I’m sorry – finish where???

I was pondering (in my Brain-like way+) Chitty’s recent thesis on the Nice Guy. I certainly haven’t researched the matter as exhaustively as Señor BangBang has, but I can attest to the apparent validity of his claims. For those of you who couldn’t be arsed to follow the link++, here is a brief synopsis:

Nice guys have vaginas.

Not, I hasten to add, that there’s anything specifically wrong with that, but it sort of puts the brakes on any kind of hard and heavy heterosexual intimacy taking place.

Chitty contends that confidence is the key to getting the girl. While I don’t disagree with this viewpoint, I would, however, like to add a subtle semantic refinement to the mix. I believe it’s not so much confidence that makes many a lass sit up and take notice, as cockiness.

Implicit in this attitude is a promise of potential delivery, so for women who are experiencing similar feelings as, for example, The Granny Wrangler or Parenthesis, this makes an enormous, throbbing, back-arching difference.

+ taking over the world is just ONE of my many interests

++ you’re right, ‘zilla. It DOES feel good

Advertisements

32 thoughts on “I’m sorry – finish where???
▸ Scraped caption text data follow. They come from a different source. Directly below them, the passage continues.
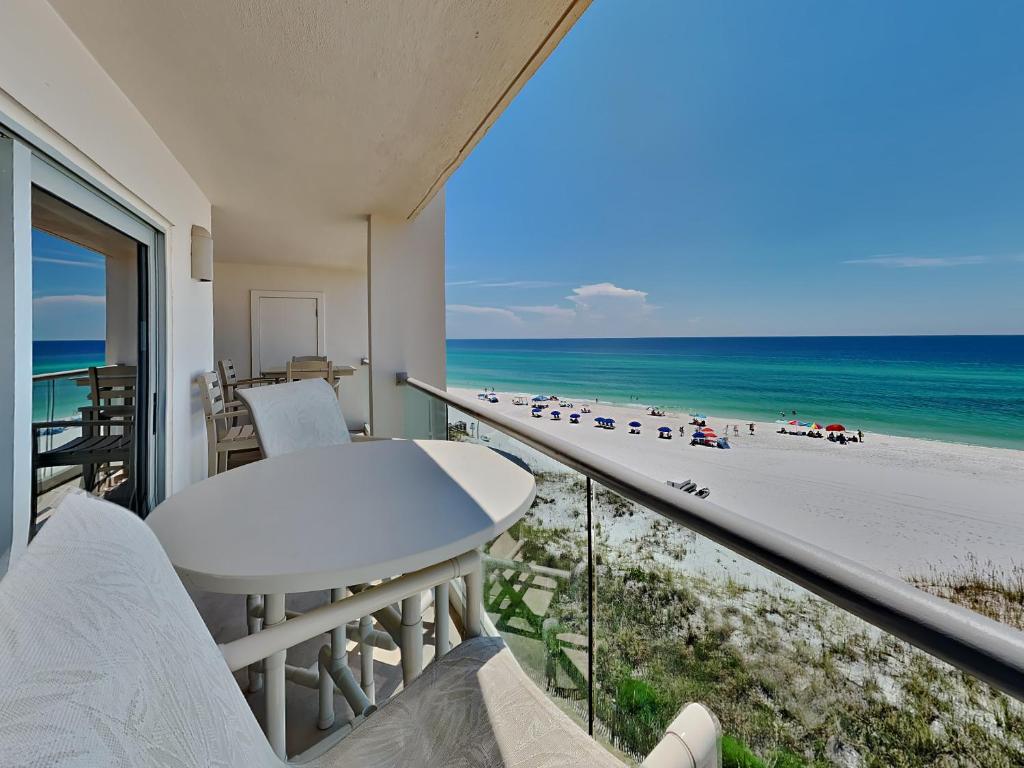 einen Balkon mit einem Tisch und Strandblick in der Unterkunft Regency Towers #605 West in Pensacola Beach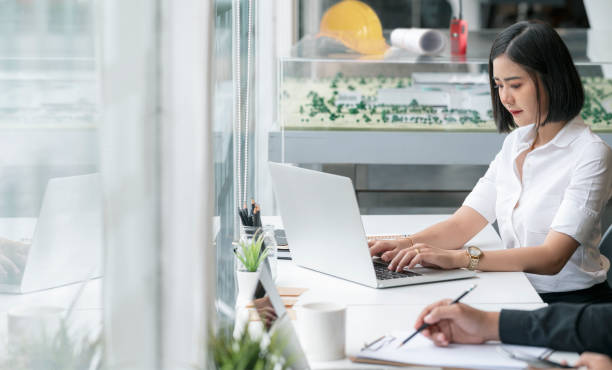 istock Young female engineer working  on laptop in modern office. 1338858285
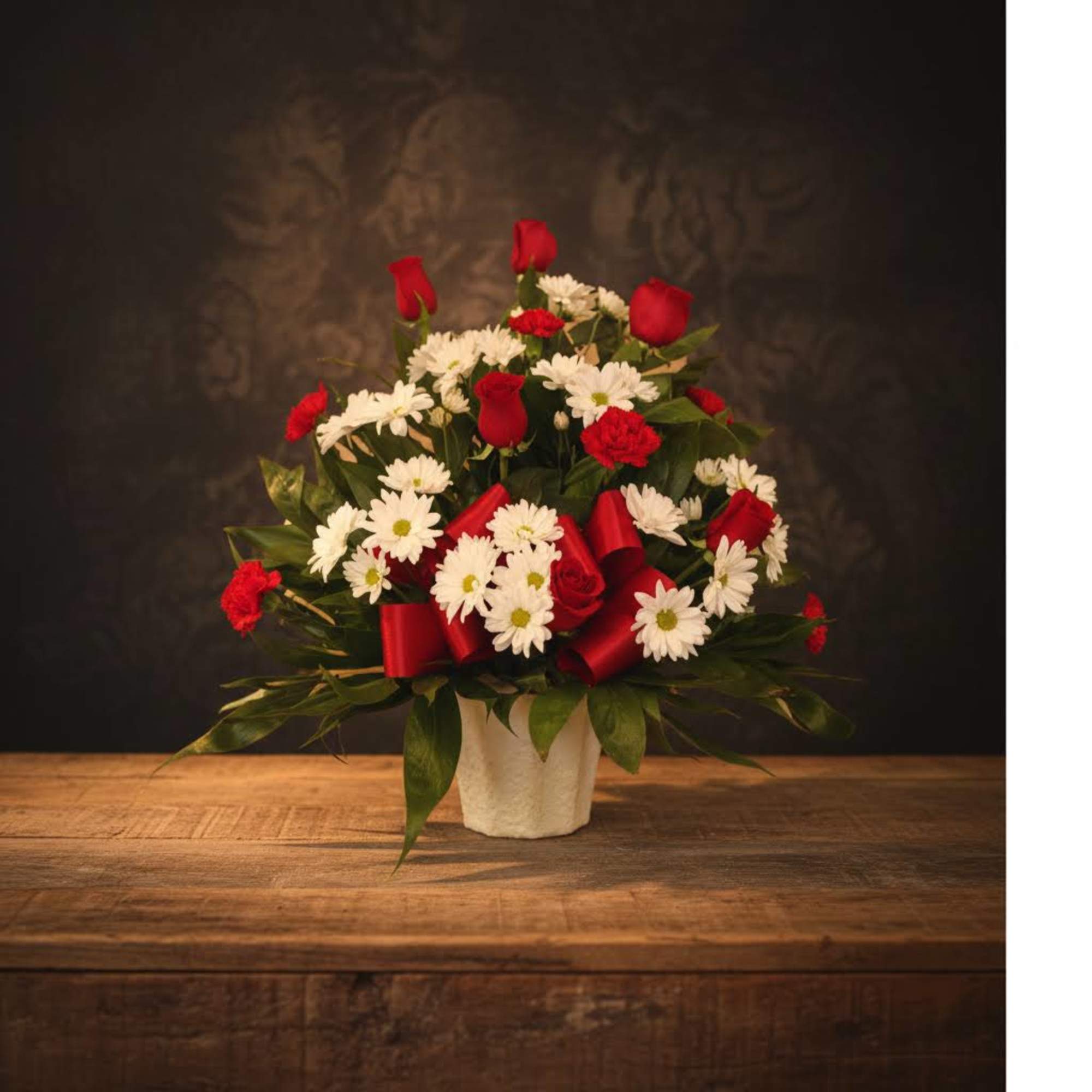 Red roses and white daisies arranged in a white vase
  1. Kyk…I hate to admit it, but you’re right. It’s the cockiness that does it. And for some reason, even though I hate cocky guys, I end up falling for them. Every. Single. Time. It’s like a drug. The cockier they are, the more into them I am. What’s a girl to do? Embrace the cock(iness)! 😉

    Like

  2. Wow! It seems like there could be quite a market for the provision of shaggalicious relief to the female bloggers out there! If only my standards were as low as my rates.

    Like

  3. Nice guys are lovely. although nice guys can also be pretty cocky, when the mood strikes them. You can be confidently nice, you know. secure in your… gentlemanliness? (I’m biased i gues. I have a very very sweet “nice guy”).

    Kyk, you struck me as a very nice man. Your mom would be proud. I would feel safe introducing you to my ladyfriends, if they weren’t all a) taken and b) crazy.

    Like

  4. Yeah, and what makes a boy sit up and wolf-whistle is the quiet confidence that the girl’s going to be a mother of a pain in the ass.
    Sure.

    Like

  5. nicky: Like a drug? So you’re saying you’re an addick?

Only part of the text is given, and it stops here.